Walka konkurencyjna oraz chęć zdobycia klienta zaślepiła banki, które nie zwracając uwagi na ustawę, dokonały wykładni rozszerzającej ustawy dbając nie o to do czego są uprawnione, ale co mają w zamierzeniu zrobić. Jak wiemy tak nie można. Nie taki jest cel ustawy. Ustawa w szczególności w zakresie uprawnień banków jest bardzo precyzyjna i powinna być interpretowana zawężająco, ponieważ jakiekolwiek zwiększone ryzyko kontraktowe bezpośrednio uderza w bezpieczeństwo depozytów oraz interes akcjonariuszy.
5. Funkcje pieniądza
Interpretatorzy umów kredytowych, omawiając kwestie ich wykonania w obszarze płatności, prowadzą rozważania na temat zmiany waluty, nie dotykając jednak dwóch bardzo ważnych kwestii.Po pierwsze ominięte są kwestia zapłaty przez bank na rzecz osoby trzeciej.
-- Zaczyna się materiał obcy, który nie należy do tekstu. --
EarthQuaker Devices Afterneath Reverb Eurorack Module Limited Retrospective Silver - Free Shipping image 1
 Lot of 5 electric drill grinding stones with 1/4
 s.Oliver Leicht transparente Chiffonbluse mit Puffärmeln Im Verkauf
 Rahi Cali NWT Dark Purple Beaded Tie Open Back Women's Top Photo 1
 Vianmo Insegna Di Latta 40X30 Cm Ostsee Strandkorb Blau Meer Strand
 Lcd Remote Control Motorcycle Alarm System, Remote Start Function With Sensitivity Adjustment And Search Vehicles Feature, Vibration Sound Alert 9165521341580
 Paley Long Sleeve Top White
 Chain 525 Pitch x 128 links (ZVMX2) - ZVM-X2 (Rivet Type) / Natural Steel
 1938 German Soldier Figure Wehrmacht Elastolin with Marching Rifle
Po drugie zupełnie nie dotykają kwestii natury pieniądza.
Dziwi to, ponieważ pierwsza kwestia jest obszarem czysto cywilistycznym. Dziwi dodatkowo, ponieważ kwestie przeniesienia wierzytelności są prawnikom wyśmienicie znane w dobie rozwoju rynku handlu wierzytelnościami. Druga kwestia znajduje się na pograniczu nauki ekonomii oraz prawa. O ile kwestie natury pieniądza w sensie ekonomicznym są ważne w przypadku wykładni złotowej oraz wyrażenia harmonogramu w walucie obcej, o tyle kwestie czysto prawne są kluczowe w zakresie płatności na rzecz osoby trzeciej tj. sprzedawcy nieruchomości.
O ile pieniądz okiem ekonomisty posiada cztery funkcje:
- miernika wartości,
- obrachunkową,
- płatniczą,
- tezauryzacyjną
- narzędzie umarzania zobowiązań pieniężnych.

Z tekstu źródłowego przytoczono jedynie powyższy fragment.